(GIVEN DATA begins)

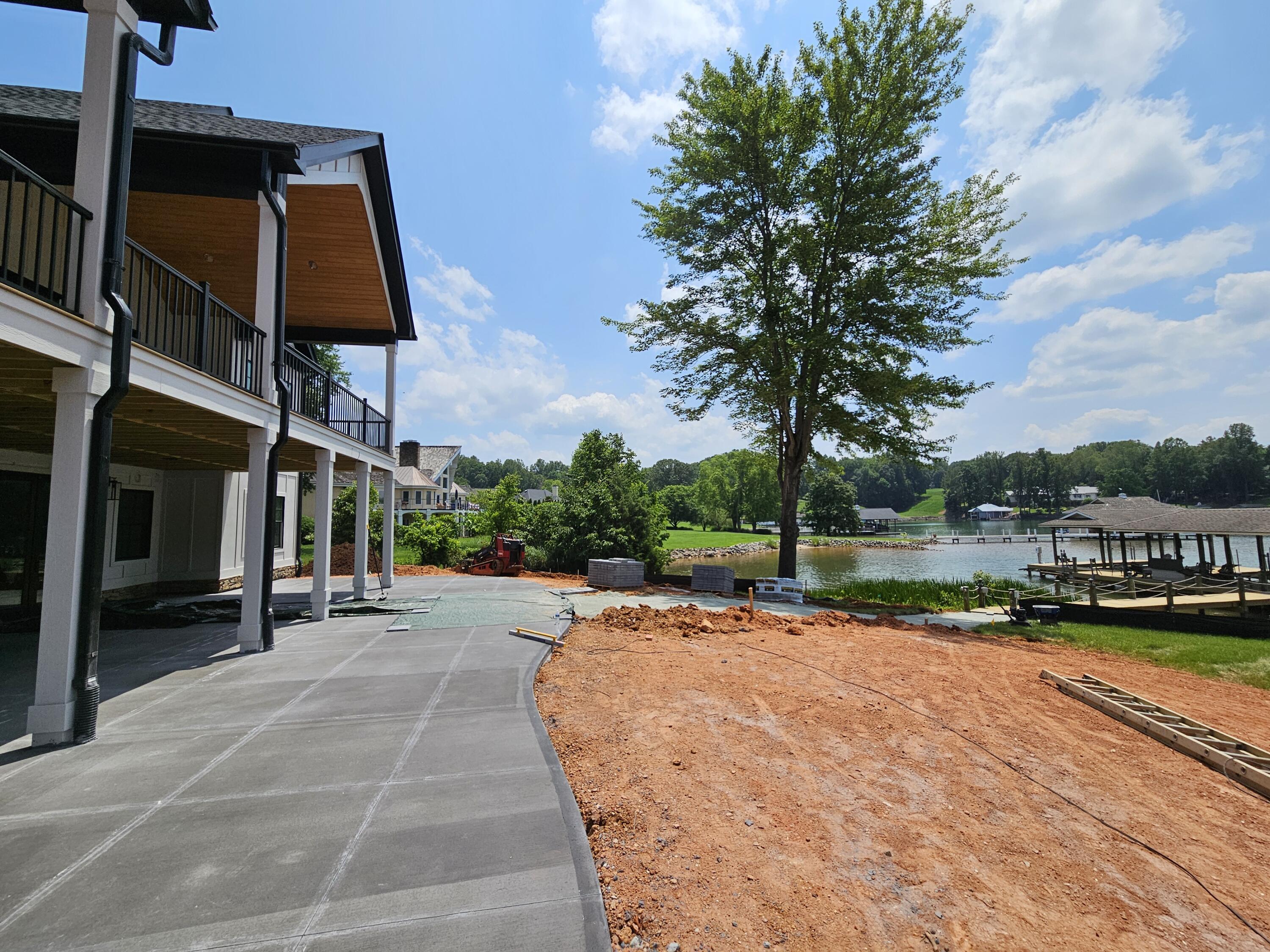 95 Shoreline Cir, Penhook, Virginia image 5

(GIVEN DATA ends)
(GIVEN DATA begins)

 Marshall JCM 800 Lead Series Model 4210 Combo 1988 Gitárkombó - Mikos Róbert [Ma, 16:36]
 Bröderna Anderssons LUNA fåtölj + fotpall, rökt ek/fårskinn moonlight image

(GIVEN DATA ends)
(GIVEN DATA begins)

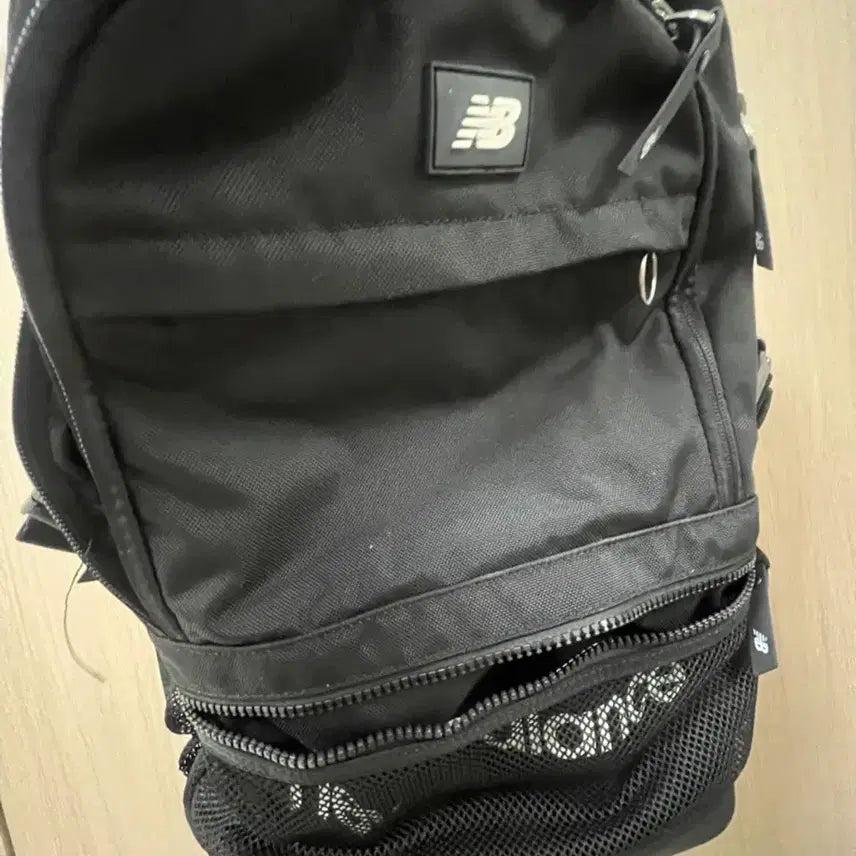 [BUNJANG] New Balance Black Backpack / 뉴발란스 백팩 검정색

(GIVEN DATA ends)

_TASK DESCRIPTION_
Output, from the data above, the lines from the line with "Marshall JCM 800" to the line with "Bröderna Anderssons LUNA" exactly as they stand, both ends included and nothing else.

_TASK RESULT_
 Marshall JCM 800 Lead Series Model 4210 Combo 1988 Gitárkombó - Mikos Róbert [Ma, 16:36]
 Bröderna Anderssons LUNA fåtölj + fotpall, rökt ek/fårskinn moonlight image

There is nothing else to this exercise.